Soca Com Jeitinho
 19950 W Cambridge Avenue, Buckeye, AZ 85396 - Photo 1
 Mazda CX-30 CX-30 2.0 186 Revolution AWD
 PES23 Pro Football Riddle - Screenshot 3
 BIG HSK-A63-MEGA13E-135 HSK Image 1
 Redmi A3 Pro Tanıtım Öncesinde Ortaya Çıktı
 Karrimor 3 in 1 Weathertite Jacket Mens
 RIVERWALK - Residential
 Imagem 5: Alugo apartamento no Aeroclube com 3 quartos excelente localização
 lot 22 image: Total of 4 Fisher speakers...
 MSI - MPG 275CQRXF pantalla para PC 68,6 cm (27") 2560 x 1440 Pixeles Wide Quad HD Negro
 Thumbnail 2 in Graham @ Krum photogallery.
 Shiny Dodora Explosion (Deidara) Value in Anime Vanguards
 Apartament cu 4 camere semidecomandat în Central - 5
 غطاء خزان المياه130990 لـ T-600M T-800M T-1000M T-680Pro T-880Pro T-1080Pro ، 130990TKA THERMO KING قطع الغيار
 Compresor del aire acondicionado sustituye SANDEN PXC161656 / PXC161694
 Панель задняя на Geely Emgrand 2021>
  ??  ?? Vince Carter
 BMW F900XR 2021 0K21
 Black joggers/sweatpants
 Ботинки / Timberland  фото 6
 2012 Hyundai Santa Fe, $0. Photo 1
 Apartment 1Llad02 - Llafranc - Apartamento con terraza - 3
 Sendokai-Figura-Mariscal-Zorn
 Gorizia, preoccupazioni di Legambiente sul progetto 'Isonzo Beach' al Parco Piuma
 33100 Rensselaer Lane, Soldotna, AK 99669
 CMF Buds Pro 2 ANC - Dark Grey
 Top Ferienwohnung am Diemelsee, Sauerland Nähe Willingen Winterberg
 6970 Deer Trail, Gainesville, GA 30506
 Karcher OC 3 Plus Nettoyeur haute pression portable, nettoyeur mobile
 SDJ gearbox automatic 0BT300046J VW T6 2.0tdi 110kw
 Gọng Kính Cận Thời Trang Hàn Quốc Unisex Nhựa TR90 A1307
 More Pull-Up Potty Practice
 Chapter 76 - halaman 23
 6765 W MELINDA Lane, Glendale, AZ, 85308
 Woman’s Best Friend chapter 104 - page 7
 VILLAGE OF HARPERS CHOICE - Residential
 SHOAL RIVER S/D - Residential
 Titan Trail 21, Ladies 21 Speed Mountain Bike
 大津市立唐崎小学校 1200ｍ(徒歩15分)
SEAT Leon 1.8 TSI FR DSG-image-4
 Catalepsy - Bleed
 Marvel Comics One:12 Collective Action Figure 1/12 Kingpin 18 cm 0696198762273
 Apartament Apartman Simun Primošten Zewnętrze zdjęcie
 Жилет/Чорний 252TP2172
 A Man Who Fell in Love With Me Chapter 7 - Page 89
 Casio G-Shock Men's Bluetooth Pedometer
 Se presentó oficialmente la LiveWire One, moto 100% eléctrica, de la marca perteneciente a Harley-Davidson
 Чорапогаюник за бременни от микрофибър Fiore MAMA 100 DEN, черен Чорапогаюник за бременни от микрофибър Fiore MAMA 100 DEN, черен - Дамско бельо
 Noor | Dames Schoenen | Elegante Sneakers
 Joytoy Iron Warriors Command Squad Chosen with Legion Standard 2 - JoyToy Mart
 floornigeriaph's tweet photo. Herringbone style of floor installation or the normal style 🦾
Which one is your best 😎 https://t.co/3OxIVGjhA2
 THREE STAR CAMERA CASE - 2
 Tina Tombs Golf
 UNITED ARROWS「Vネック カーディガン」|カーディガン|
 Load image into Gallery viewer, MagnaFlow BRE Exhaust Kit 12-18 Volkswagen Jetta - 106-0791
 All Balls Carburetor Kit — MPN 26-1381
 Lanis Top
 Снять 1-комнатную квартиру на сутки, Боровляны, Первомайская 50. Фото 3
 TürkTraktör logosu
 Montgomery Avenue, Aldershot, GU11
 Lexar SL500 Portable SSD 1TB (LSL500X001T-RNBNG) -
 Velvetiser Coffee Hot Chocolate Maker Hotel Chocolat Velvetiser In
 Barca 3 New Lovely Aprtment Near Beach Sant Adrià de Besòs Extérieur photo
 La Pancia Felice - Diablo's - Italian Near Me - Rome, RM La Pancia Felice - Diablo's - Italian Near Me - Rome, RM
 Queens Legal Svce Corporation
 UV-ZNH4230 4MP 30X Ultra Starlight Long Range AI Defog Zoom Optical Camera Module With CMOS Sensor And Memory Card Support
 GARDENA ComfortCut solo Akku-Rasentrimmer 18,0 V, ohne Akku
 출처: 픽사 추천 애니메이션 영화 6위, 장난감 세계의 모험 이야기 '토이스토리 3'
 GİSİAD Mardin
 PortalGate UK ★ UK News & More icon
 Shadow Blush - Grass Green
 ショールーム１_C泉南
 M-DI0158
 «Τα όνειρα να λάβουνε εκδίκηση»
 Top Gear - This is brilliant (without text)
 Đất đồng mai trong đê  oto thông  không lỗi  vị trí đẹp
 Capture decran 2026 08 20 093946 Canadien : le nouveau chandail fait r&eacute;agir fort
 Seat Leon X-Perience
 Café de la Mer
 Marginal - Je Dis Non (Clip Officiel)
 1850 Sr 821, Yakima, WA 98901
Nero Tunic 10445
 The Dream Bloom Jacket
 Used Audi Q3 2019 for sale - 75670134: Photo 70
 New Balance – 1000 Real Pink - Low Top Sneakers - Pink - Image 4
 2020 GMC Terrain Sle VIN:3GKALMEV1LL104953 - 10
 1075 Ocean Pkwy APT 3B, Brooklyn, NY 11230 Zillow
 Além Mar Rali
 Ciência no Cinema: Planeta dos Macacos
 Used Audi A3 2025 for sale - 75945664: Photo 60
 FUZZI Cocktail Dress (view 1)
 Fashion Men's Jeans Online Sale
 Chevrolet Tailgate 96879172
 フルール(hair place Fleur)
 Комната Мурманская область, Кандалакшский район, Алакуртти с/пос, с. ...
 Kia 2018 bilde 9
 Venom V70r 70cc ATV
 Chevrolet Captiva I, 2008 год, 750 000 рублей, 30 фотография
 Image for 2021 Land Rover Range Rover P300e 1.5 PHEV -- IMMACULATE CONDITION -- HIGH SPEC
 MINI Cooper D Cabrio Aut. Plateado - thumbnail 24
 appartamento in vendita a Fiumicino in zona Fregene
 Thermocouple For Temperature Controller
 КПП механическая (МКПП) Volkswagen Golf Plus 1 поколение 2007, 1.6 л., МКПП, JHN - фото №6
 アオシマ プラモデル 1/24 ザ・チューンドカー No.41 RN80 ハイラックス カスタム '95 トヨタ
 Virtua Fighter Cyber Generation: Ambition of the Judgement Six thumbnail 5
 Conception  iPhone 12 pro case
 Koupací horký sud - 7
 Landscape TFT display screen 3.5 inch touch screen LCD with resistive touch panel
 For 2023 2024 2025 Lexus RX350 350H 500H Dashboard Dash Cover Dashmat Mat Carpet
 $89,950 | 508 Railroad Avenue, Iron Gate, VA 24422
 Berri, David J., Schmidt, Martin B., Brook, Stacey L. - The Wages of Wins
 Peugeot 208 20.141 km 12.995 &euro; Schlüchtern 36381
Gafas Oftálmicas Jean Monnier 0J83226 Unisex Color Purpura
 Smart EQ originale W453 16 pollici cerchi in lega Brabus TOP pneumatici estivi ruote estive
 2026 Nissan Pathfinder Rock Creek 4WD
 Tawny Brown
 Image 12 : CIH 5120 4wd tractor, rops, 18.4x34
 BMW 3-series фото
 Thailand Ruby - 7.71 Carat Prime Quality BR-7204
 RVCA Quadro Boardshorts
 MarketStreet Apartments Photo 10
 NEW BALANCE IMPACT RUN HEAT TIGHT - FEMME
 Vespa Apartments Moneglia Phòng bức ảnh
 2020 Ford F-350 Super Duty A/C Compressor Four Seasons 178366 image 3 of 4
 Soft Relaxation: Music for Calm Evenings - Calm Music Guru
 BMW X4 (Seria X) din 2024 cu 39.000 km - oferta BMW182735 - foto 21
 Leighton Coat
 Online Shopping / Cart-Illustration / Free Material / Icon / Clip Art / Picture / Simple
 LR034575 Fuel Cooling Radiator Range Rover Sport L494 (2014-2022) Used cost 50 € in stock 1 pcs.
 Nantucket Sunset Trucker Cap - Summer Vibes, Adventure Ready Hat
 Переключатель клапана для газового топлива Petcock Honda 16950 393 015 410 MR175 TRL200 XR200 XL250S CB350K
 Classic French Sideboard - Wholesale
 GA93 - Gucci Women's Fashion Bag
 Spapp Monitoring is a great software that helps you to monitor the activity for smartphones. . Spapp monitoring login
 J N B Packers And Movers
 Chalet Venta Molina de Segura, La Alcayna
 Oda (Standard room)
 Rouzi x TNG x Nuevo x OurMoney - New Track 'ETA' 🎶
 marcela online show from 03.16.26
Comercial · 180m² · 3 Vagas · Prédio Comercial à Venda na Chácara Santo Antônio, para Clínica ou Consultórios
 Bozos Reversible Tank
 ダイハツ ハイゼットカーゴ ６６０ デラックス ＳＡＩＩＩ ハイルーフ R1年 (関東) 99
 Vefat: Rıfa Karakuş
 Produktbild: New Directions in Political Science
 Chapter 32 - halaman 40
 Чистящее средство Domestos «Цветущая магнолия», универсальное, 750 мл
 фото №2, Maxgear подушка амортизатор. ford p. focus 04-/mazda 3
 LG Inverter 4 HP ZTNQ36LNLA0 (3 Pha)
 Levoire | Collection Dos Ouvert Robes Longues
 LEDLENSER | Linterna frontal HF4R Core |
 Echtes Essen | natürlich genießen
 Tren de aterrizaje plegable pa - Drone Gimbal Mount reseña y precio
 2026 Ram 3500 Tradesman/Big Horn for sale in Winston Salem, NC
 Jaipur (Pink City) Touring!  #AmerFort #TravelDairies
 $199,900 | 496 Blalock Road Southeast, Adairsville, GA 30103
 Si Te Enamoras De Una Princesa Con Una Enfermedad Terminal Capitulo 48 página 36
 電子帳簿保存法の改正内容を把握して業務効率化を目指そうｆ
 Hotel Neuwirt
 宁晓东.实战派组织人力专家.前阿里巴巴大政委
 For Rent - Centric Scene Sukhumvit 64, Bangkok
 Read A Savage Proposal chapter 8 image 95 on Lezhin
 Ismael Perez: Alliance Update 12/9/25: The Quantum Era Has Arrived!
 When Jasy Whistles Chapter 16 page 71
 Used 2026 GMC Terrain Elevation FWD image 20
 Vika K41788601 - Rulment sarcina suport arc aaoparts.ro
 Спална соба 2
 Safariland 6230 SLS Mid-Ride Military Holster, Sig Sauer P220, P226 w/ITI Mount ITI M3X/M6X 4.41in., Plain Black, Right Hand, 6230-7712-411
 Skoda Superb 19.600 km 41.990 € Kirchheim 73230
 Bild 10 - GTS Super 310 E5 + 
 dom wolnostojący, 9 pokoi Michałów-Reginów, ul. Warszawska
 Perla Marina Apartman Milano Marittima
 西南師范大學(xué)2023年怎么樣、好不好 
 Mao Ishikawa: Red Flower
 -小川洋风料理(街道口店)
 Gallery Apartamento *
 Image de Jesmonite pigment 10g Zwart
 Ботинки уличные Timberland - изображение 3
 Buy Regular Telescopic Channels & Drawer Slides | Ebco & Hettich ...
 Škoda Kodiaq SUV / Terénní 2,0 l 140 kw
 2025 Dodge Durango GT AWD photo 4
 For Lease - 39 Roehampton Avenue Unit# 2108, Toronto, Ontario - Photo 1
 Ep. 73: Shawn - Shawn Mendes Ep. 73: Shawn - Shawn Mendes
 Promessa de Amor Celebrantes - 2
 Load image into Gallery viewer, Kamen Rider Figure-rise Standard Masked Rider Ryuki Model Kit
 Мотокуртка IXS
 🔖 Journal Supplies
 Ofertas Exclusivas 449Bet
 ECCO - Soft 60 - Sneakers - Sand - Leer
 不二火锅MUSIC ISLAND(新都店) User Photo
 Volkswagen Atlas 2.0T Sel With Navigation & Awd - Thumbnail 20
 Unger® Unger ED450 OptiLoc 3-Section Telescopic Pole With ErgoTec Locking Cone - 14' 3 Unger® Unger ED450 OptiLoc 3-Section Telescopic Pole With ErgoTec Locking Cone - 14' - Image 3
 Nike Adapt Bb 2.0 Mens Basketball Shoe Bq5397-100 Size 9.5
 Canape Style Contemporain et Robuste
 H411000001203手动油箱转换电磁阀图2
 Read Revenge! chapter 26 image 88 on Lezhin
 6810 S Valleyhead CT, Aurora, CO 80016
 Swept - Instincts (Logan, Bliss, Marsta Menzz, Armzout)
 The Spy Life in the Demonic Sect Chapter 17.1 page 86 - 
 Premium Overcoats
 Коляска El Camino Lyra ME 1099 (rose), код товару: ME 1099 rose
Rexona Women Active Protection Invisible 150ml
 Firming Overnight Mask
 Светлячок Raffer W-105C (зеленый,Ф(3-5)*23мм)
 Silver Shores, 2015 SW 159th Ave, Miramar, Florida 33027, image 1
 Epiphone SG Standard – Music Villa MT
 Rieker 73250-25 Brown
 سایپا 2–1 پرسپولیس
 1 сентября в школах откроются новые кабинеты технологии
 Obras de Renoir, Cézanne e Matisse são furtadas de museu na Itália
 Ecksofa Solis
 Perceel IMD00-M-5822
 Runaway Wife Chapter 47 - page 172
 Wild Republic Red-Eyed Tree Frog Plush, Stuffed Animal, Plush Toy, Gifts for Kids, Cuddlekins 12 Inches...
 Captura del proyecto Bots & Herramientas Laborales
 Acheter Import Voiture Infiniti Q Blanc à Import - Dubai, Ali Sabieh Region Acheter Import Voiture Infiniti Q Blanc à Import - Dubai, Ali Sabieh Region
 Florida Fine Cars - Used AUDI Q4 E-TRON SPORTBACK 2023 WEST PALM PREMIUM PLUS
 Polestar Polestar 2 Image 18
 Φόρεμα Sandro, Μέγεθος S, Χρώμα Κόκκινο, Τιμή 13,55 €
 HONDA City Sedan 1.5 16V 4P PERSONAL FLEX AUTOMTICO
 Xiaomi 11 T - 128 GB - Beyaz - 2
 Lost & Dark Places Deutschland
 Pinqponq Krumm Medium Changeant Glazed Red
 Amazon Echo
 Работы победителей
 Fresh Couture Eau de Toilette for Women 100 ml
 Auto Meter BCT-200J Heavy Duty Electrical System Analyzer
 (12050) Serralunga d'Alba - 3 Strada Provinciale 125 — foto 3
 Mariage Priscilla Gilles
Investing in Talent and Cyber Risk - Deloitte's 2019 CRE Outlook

Work required: Of all the entries above, retype exactly the lines from the line with "Noor | Dames Schoenen | Elegante Sneakers" to the line with "Which one is", both included, and no others.

Task result:
 Noor | Dames Schoenen | Elegante Sneakers
 Joytoy Iron Warriors Command Squad Chosen with Legion Standard 2 - JoyToy Mart
 floornigeriaph's tweet photo. Herringbone style of floor installation or the normal style 🦾
Which one is your best 😎 https://t.co/3OxIVGjhA2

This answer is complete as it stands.